Upon executing the runPlp function, I encountered the following error:

Error: ValueError: could not assign tuple of length 8 to structure with 7 fields.


Error in rbind(deparse.level, ...) : 
  numbers of columns of arguments do not match

The Random Forest model is mostly using default parameters. Any guidance or insights into resolving this issue would be highly appreciated. Thank you for your assistance!

Best regards,
Alonso

plpLog.txt (269.0 KB)

Alonso · August 24, 2023, 8:36pm

Quick update on my previous post: Using setLassoLogisticRegression() as model has been successful. However, I am still curious to understand why I faced the aforementioned issue when attempting to utilize setRandomForest() for the analysis.
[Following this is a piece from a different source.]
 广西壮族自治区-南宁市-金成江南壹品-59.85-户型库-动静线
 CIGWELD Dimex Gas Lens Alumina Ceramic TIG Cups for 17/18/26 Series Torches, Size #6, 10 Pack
egillax · August 28, 2023, 11:57am

Hi Alonso,

This is an issue when using latest scikit-learn (1.3.0). This will be patched in https://github.com/OHDSI/PatientLevelPrediction/pull/410 - which should be released this week. Just waiting on @jreps to review my patch.

In the meantime a solution could be to downgrade scikit-learn or install PLP from the patch branch with

remotes::install_github('ohdsi/406-hades_weekly_fail')

Regards,
Egill

egillax · August 28, 2023, 12:49pm

Hi again @Alonso ,

The patch has just been merged. So should work now.

Egill

Alonso · August 29, 2023, 6:15pm

Thanks @egillax, for your prompt response and helpful guidance. My issue has been successfully resolved.